TASK INSTRUCTIONS → Copy without pictures. Please restate each line of the listing exactly.

INFORMATION PROVIDED →
[Start of section]
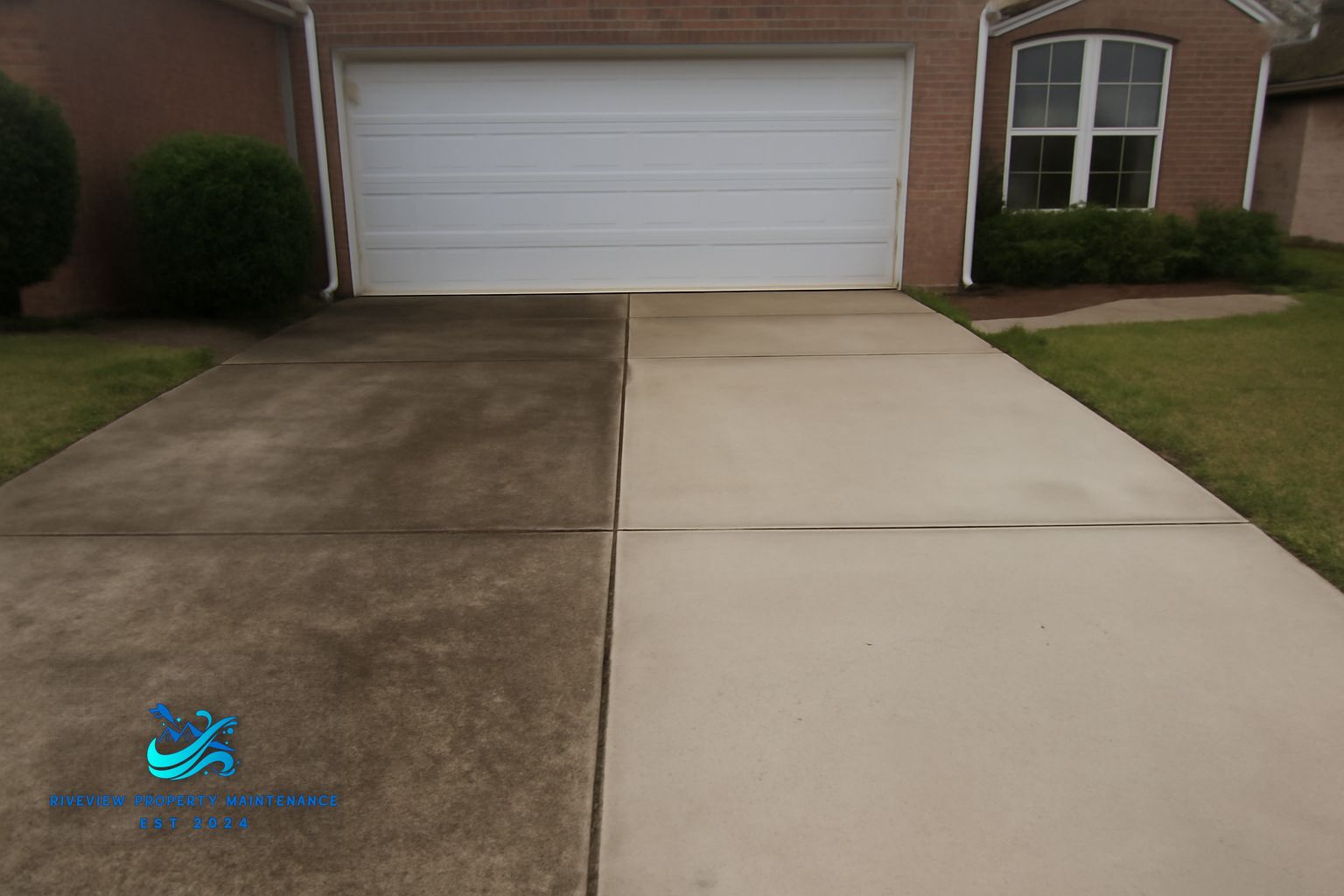 Before and after concrete driveway cleaning showing red clay stain removal in Dacula, GA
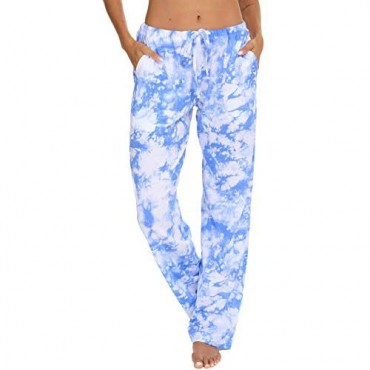 ENJOYNIGHT Women Lounge Pants Comfy Fit Casual Tie-Dye Cotton Pajama Bottom with Drawstring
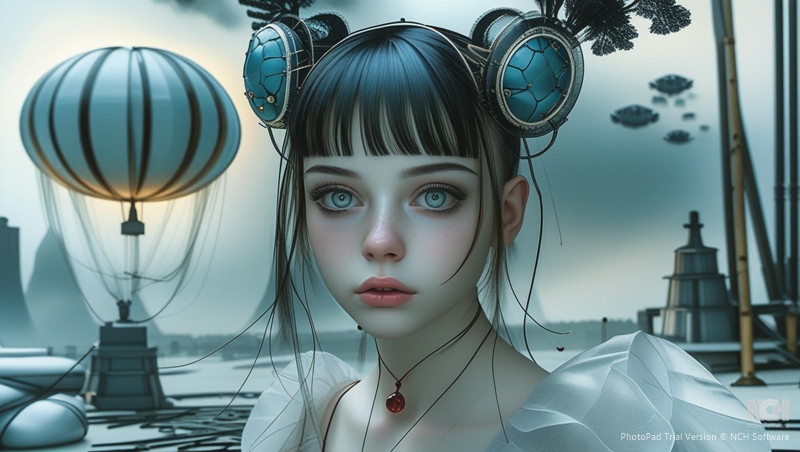 Gothgirl in wonderland in a sci-fi landscape with a hot air balloon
[End of section]
REPLY TO THE EXERCISE →
 Before and after concrete driveway cleaning showing red clay stain removal in Dacula, GA
 ENJOYNIGHT Women Lounge Pants Comfy Fit Casual Tie-Dye Cotton Pajama Bottom with Drawstring
 Gothgirl in wonderland in a sci-fi landscape with a hot air balloon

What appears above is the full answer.